Flink backend
For flink backend, both batch
and streaming
mode are supported.
To use flink as backend, there are a few things we need to know.
ETL mode
Both batch
and streaming
mode are supported in flink backend. But we still need to specify one before running the ETL.
To specify which mode to use in the ETL, we could add a configuration as below:
-- The value of the configuration below could be 'batch' or 'streaming'.
-- config: easy_sql.etl_type=streaming
Connector configuration
A flink application reads data from some data source and write data to some other system. Both the source and target are configured by connectors. (Refer here to know more about it.)
To write a flink application in Easy SQL, we need to provide a configuration file to describe the connectors used.

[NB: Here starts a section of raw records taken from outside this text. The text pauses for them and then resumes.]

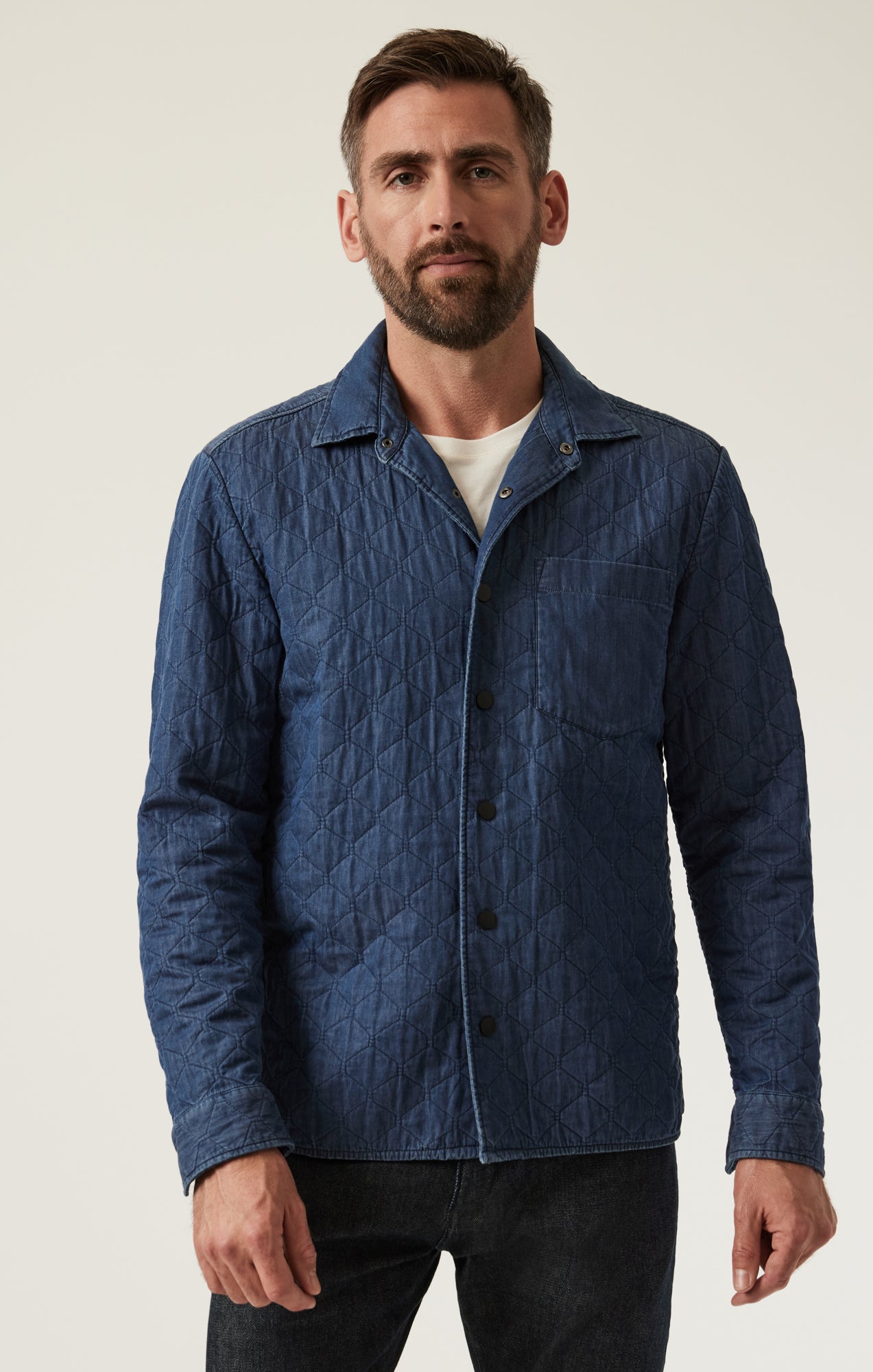 31さん♡Cottontwill Over Shirts 34 Heritage Men's Denim Quilted Overshirt In Indigo – 34 Heritage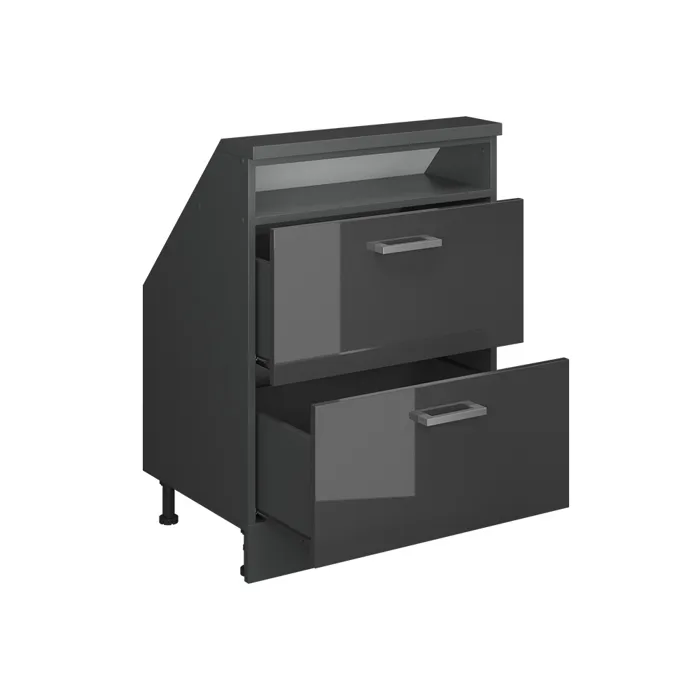 Vicco Meuble de rangement sous pente Anthracite brillant/anthracite avec 2 tiroirs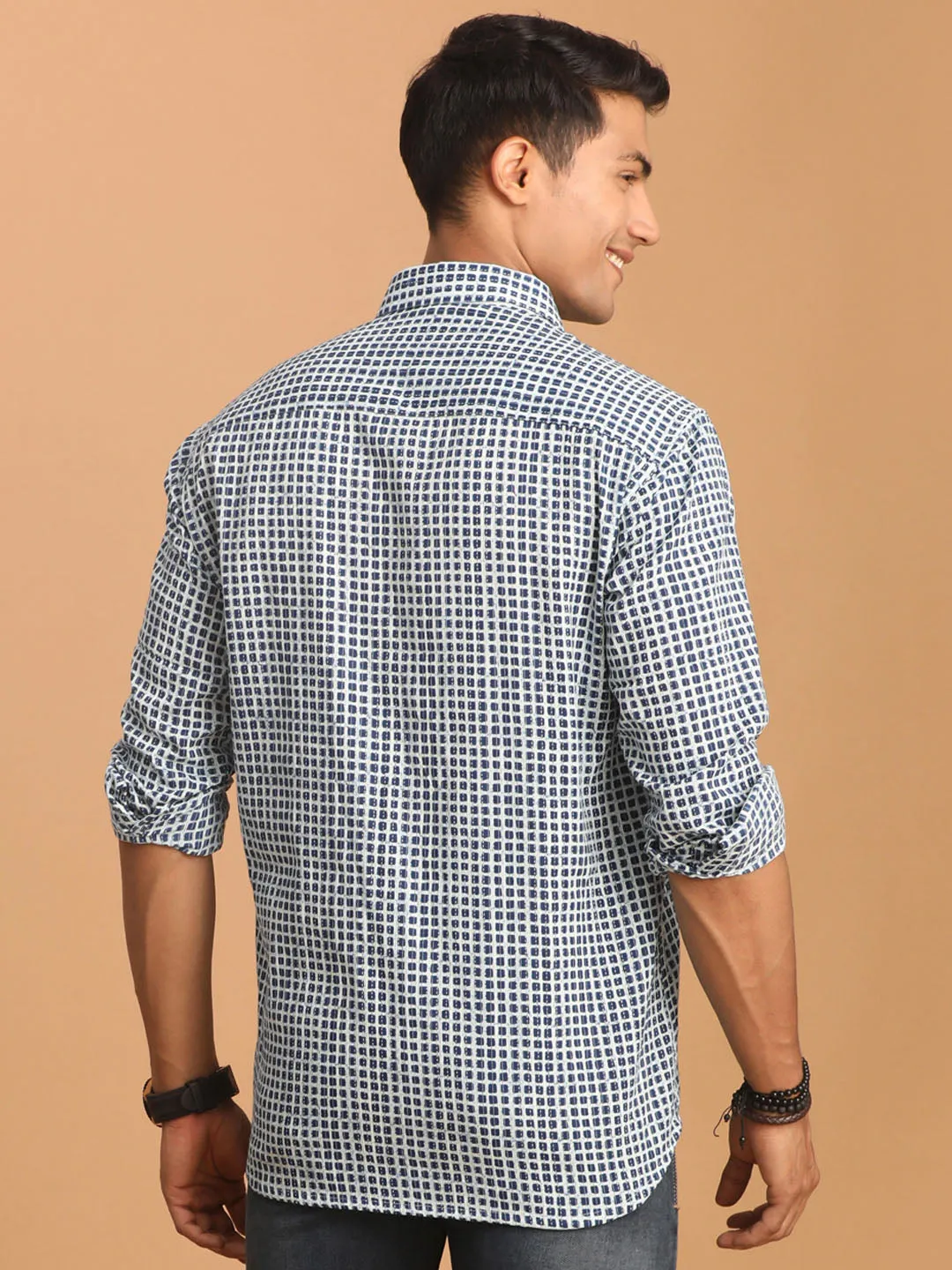 Jashvi Men's Blue And White Check Box Printed Short Sleeve Shirt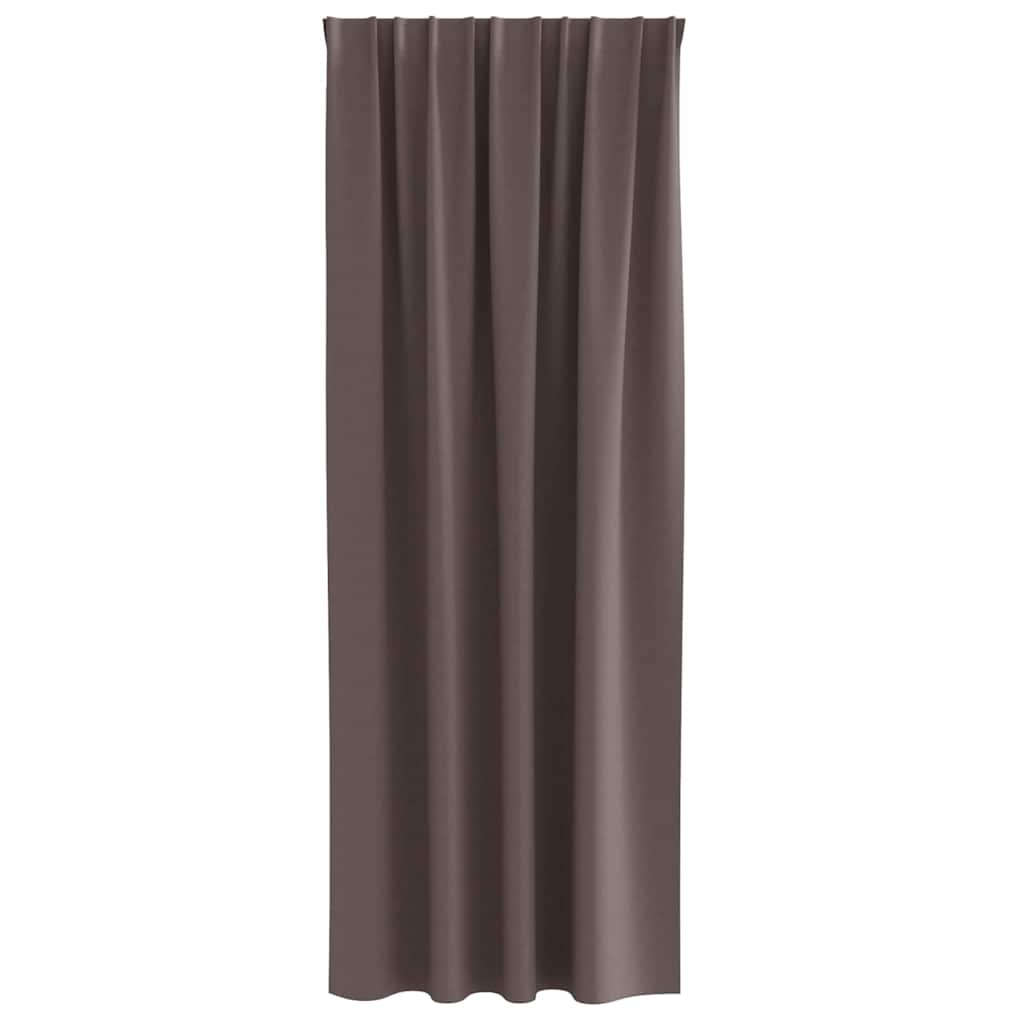 Mørklægningsgardiner med ringe 2 pcs Mørk Brun 260 x 140 cm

The configuration file is in JSON format and the structure of it is intuitive. Below is a sample configuration with detailed description. (Please read the comment to understand the configuration design.)
{
// Define catalogs to use in flink to find tables
"catalogs": [
{
// Name is used as the catalog name. The other properties are used to create the catalog.
// More at https://nightlies.apache.org/flink/flink-docs-release-1.15/docs/connectors/table/hive/hive_catalog/
"name": "myHiveCatalog",
"type": "hive",
"hive-conf-dir": "path/to/hive_conf"
},
{
// Name is used as the catalog name. The other properties are used to create the catalog.
// More at https://nightlies.apache.org/flink/flink-docs-release-1.15/docs/connectors/table/jdbc/#usage-of-jdbc-catalog
"name": "myJdbcCatalog",
"type" = "jdbc",
"default-database" = "...",
"username" = "...",
"password" = "...",
"base-url" = "..."
}
],
// Define databases and tables that will be registered in flink.
// The below configuration could be generated from the data source.
"databases": [
{
// The database name to register in flink
"name": "db_1",
// The connectors to use to register table in flink. Connectors could be reused across tables.
"connectors": [
{
// Name of the connector, should be unique in one database
"name": "connector_1",
// Options of the connector, refer to the corresponding connector for more information.
// More at https://nightlies.apache.org/flink/flink-docs-release-1.15/docs/connectors/table/overview/.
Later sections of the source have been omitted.